Everyone is sweating it — just not equally. The way a person experiences extreme heat is at least partially linked to race, class and what neighborhood they can afford to live in, research shows.
Lower-income, disproportionately Black and Latino neighborhoods caught in urban “heat islands” are often at the sweltering focal point of extreme heat, studies suggest. These pockets of intense heat can peak at 15 to 20 degrees Fahrenheit hotter than nearby locations, due to factors including the prevalence of impermeable, heat-absorbing pavements and the dearth of trees and shade.
Related: The top U.S. cities labeled as dangerous ‘heat islands’ include a few small-population surprises
For three-quarters of the country’s counties above a certain size, the poorest neighborhoods and those with higher shares of people of color were “significantly hotter than the richest” and more white areas, University of California, San Diego researchers said in an article published last year in the journal Earth’s Future.

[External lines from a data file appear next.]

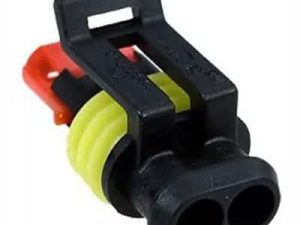 Conector cablu Superseal 1.5 mama mufa 2 pini IP67 TE Connectivity 282080-1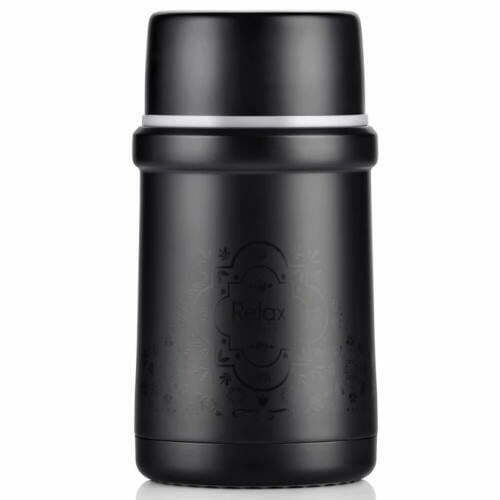 Relax Stainless Steel Thermal Food Jar 720 BLACK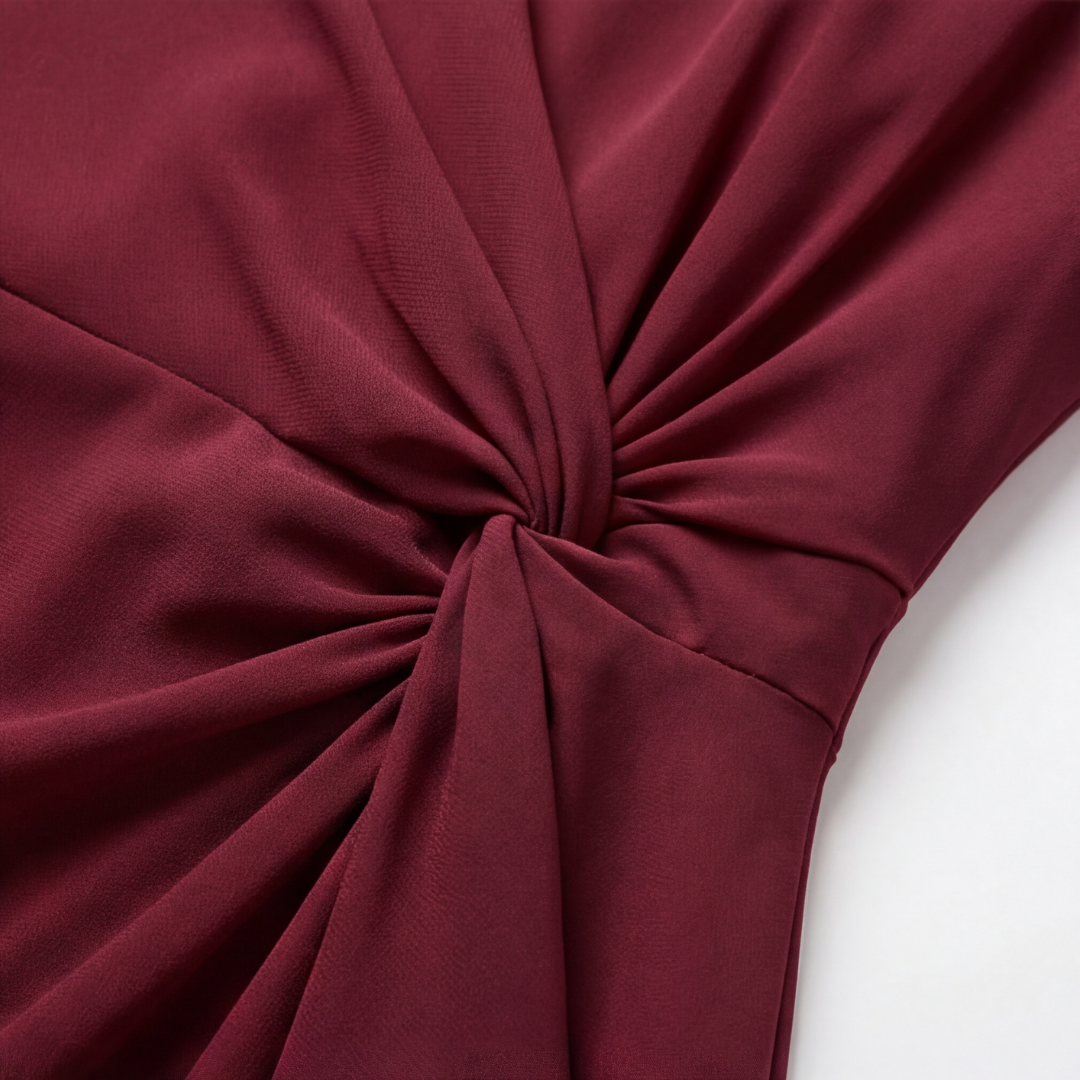 Velara – Women's Gathered Twist-Waist Dress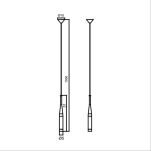 Lampa wisząca CONTE ZUMALINe MD1998-1GL ZŁOTA Charakteryzuje sie nowoczesnością subtelnością oraz minimalistycznym designem  idealna do salonu  - 3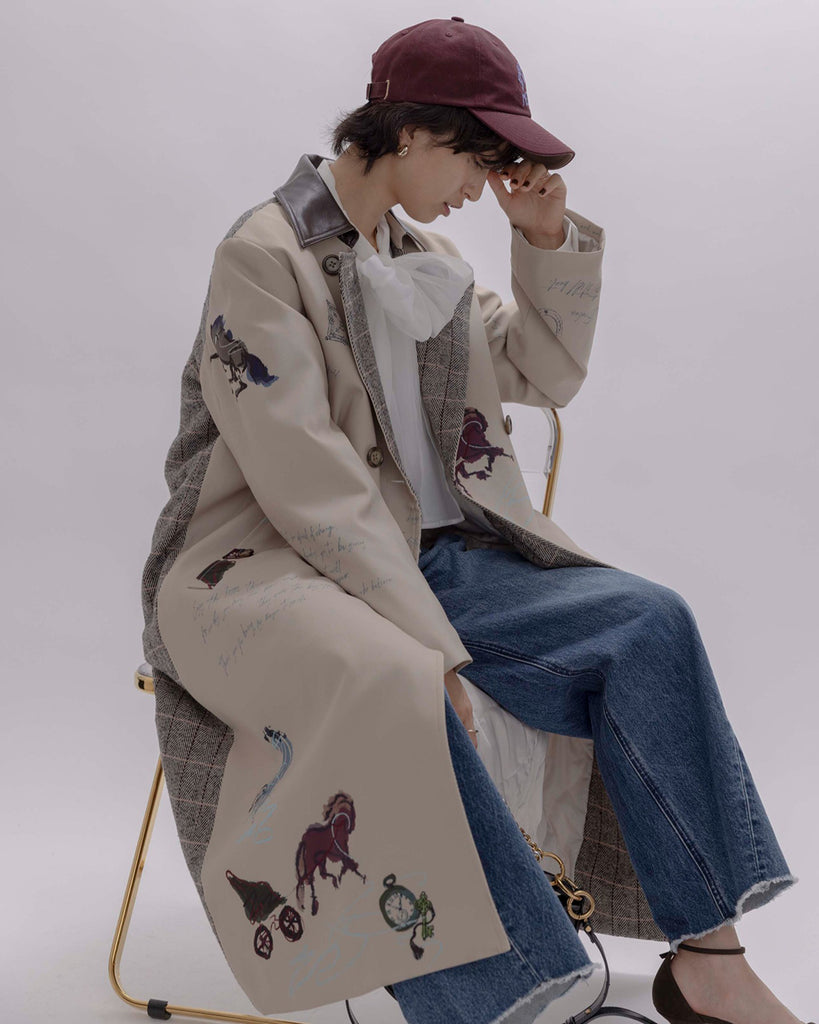 JAPAN BRAND - Horse Print Trench Coat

“The disproportionate heat surface exposures faced by minority communities are due to more built-up neighborhoods, less vegetation, and — to a lesser extent — higher population density,” they wrote after combining census data with urban temperature records.
“Previously redlined neighborhoods were a lot hotter than neighborhoods without redlining in their past.”
These heat disparities have to do with landscapes and city planning, but also flow from the continuing consequences of racist housing policies formally outlawed half a century ago. “Redlining” cordoned neighborhoods of color away from financial services like government-backed mortgages. The 1968 Fair Housing Act banned the practice, though studies show it persists today.
Meanwhile, a 2020 article in the journal Climate found that previously redlined neighborhoods were a lot hotter than neighborhoods without redlining in their past. There could be a roughly five-degree difference between once-redlined and never-redlined communities, they noted.
Heat disparities were even wider in some areas: It was more than 12 degrees hotter in certain once-redlined portions of Portland, Ore., Denver and Minneapolis compared to city neighborhoods that were never redlined, the researchers said.
A separate 2021 study traced the link between redlining and present-day air pollution. Black and Latino people, more often than their white counterparts, share zip codes with industrial areas belching emissions, researchers wrote in the study published in the journal Environmental Science and Technology Letters.
As temperatures rise, price inflation continues to run red-hot — and its effects are also felt unequally.
In June, the overall cost of living increased 9.1% year over year. That’s a new 41-year high, but inflation rates for energy costs have been even steeper. The cost of electricity — to power fans and air conditioners, among other items — increased 13.7% year over year in June, according to the Bureau of Labor Statistics.
And polling has shown inflation putting a deeper strain on people of color. “There’s no question that Black families are facing substantially higher inflation rates these days,” one economist recently told MarketWatch about the ways white and Black households have grappled with volatile prices in recent years.